### Requirement
Start at the line with "collection-preview-1" in the records below, stop at the line with "Watch Rendezvous in Chicago Gomovies", and return every line in that span exactly, the two end lines included.

_ _ _

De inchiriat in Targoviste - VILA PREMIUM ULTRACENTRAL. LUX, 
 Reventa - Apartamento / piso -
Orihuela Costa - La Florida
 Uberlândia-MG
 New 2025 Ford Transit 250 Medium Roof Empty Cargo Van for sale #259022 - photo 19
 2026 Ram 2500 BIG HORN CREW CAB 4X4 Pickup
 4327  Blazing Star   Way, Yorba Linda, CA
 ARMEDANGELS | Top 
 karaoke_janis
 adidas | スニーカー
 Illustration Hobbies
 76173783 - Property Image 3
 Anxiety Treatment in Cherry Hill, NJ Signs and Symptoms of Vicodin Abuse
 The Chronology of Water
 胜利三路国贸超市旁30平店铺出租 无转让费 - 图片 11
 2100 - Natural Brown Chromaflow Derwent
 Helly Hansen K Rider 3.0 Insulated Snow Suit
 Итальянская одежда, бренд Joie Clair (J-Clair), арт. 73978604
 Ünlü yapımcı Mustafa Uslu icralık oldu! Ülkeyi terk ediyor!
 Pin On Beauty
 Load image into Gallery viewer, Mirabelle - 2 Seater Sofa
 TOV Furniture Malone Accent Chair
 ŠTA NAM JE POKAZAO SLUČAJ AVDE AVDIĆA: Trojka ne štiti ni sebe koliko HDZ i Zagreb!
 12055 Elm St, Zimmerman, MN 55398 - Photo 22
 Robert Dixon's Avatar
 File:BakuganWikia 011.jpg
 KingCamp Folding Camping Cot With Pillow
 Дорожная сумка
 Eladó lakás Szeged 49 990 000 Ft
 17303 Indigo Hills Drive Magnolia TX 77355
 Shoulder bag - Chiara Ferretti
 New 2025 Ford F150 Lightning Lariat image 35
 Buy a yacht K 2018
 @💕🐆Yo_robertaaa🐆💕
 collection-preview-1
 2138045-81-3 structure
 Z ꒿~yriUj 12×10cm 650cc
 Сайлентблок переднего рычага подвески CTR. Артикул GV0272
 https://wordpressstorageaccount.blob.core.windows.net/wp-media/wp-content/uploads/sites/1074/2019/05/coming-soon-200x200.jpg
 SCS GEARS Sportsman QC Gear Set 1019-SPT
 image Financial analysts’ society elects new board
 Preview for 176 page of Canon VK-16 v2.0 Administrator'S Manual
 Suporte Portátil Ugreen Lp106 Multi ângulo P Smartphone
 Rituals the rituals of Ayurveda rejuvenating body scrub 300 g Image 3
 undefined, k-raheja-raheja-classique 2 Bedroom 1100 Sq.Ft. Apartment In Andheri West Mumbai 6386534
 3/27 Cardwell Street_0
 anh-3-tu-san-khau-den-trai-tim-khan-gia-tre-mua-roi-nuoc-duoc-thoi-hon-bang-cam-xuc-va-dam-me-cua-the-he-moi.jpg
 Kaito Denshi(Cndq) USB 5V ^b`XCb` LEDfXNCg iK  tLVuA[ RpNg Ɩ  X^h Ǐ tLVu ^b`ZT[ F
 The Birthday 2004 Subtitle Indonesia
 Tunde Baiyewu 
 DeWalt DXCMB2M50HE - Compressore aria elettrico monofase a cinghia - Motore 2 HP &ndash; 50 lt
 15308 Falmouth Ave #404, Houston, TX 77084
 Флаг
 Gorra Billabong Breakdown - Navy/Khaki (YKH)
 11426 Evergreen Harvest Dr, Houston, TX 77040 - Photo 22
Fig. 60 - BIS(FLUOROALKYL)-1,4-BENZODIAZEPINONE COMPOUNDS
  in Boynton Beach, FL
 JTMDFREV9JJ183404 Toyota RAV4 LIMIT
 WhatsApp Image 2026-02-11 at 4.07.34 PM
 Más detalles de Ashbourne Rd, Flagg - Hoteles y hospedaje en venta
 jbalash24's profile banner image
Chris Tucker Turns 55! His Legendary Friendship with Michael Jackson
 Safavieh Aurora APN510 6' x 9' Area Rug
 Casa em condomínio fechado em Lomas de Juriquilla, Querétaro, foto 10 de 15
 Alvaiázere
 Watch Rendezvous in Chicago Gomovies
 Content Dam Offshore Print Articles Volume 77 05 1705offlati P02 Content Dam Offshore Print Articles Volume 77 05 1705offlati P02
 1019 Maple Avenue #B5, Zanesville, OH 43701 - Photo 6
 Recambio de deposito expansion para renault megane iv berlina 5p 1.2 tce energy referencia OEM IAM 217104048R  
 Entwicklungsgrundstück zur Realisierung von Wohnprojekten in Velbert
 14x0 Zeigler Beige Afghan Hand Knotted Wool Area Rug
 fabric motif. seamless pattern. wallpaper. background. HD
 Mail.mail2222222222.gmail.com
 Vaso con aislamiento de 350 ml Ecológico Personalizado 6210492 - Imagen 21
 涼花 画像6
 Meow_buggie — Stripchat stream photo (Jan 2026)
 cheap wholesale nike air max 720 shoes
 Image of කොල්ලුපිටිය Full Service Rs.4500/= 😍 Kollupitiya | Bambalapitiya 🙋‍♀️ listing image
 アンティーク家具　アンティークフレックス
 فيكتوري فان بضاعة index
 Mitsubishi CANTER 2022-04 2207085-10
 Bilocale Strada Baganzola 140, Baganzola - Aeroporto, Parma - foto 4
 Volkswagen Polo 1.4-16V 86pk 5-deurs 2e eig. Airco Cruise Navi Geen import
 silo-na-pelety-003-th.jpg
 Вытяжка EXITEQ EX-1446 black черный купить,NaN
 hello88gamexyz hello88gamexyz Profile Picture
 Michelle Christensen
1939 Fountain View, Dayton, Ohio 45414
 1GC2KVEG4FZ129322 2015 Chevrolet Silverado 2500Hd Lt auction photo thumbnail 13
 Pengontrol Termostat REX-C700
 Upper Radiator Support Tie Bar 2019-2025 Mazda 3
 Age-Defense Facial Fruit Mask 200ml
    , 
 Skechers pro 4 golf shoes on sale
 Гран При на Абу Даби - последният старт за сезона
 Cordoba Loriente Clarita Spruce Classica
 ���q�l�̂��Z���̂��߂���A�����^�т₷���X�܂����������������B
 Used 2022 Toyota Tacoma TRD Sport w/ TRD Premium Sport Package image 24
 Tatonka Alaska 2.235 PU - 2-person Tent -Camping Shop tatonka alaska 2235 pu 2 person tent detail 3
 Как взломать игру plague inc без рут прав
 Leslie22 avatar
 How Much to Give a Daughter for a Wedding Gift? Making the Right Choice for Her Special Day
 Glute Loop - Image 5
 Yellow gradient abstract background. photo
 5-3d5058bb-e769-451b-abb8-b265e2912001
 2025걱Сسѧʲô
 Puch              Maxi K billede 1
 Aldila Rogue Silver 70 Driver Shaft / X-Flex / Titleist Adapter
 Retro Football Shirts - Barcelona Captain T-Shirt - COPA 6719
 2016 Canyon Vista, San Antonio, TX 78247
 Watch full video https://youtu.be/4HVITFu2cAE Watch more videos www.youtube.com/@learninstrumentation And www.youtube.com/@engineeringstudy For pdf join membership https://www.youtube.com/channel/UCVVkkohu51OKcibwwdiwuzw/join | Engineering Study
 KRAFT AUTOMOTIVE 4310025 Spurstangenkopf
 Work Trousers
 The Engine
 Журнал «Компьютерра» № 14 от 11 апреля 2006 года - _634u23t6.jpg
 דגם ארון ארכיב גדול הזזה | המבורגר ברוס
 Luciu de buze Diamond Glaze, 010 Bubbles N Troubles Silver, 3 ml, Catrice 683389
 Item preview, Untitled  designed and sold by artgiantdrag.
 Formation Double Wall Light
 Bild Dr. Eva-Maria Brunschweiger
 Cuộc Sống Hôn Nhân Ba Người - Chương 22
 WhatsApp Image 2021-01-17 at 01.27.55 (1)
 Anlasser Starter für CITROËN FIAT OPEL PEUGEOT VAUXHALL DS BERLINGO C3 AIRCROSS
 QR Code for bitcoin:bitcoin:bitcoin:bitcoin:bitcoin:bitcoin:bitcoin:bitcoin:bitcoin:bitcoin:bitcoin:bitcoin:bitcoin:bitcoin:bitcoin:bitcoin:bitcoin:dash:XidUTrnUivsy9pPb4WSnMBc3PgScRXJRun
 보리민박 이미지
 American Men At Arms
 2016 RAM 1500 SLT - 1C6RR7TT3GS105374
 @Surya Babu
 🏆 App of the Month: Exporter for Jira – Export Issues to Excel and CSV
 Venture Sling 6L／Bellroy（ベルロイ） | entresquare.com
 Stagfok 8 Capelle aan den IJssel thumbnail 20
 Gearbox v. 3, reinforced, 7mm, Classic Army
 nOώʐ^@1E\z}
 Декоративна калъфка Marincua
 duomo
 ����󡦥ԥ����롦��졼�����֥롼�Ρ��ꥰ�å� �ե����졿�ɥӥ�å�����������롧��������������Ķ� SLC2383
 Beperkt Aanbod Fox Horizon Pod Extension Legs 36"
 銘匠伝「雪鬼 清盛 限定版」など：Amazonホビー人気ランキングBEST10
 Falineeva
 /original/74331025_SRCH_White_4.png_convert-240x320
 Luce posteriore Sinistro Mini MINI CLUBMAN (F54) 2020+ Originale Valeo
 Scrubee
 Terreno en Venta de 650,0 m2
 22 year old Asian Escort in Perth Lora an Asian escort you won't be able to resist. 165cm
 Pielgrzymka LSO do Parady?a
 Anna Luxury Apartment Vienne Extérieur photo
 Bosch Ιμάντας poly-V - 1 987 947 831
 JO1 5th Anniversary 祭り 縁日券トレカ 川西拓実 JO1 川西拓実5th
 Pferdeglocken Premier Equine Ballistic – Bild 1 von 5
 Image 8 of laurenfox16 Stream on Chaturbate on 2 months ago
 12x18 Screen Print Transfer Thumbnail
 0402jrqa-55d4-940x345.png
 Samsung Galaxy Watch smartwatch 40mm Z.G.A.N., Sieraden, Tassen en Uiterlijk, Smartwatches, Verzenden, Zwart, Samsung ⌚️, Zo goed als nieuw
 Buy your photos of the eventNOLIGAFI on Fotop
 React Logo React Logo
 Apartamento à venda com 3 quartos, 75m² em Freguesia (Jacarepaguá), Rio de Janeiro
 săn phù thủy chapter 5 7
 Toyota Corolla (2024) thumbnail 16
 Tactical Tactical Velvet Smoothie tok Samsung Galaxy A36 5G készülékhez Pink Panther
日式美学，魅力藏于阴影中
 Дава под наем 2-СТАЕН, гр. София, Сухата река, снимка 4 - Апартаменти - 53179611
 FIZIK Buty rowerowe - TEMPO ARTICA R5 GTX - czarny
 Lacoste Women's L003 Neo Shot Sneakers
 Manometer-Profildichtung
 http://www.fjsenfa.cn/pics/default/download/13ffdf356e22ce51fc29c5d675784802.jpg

_ _ _

### Solution for this problem
 collection-preview-1
 2138045-81-3 structure
 Z ꒿~yriUj 12×10cm 650cc
 Сайлентблок переднего рычага подвески CTR. Артикул GV0272
 https://wordpressstorageaccount.blob.core.windows.net/wp-media/wp-content/uploads/sites/1074/2019/05/coming-soon-200x200.jpg
 SCS GEARS Sportsman QC Gear Set 1019-SPT
 image Financial analysts’ society elects new board
 Preview for 176 page of Canon VK-16 v2.0 Administrator'S Manual
 Suporte Portátil Ugreen Lp106 Multi ângulo P Smartphone
 Rituals the rituals of Ayurveda rejuvenating body scrub 300 g Image 3
 undefined, k-raheja-raheja-classique 2 Bedroom 1100 Sq.Ft. Apartment In Andheri West Mumbai 6386534
 3/27 Cardwell Street_0
 anh-3-tu-san-khau-den-trai-tim-khan-gia-tre-mua-roi-nuoc-duoc-thoi-hon-bang-cam-xuc-va-dam-me-cua-the-he-moi.jpg
 Kaito Denshi(Cndq) USB 5V ^b`XCb` LEDfXNCg iK  tLVuA[ RpNg Ɩ  X^h Ǐ tLVu ^b`ZT[ F
 The Birthday 2004 Subtitle Indonesia
 Tunde Baiyewu 
 DeWalt DXCMB2M50HE - Compressore aria elettrico monofase a cinghia - Motore 2 HP &ndash; 50 lt
 15308 Falmouth Ave #404, Houston, TX 77084
 Флаг
 Gorra Billabong Breakdown - Navy/Khaki (YKH)
 11426 Evergreen Harvest Dr, Houston, TX 77040 - Photo 22
Fig. 60 - BIS(FLUOROALKYL)-1,4-BENZODIAZEPINONE COMPOUNDS
  in Boynton Beach, FL
 JTMDFREV9JJ183404 Toyota RAV4 LIMIT
 WhatsApp Image 2026-02-11 at 4.07.34 PM
 Más detalles de Ashbourne Rd, Flagg - Hoteles y hospedaje en venta
 jbalash24's profile banner image
Chris Tucker Turns 55! His Legendary Friendship with Michael Jackson
 Safavieh Aurora APN510 6' x 9' Area Rug
 Casa em condomínio fechado em Lomas de Juriquilla, Querétaro, foto 10 de 15
 Alvaiázere
 Watch Rendezvous in Chicago Gomovies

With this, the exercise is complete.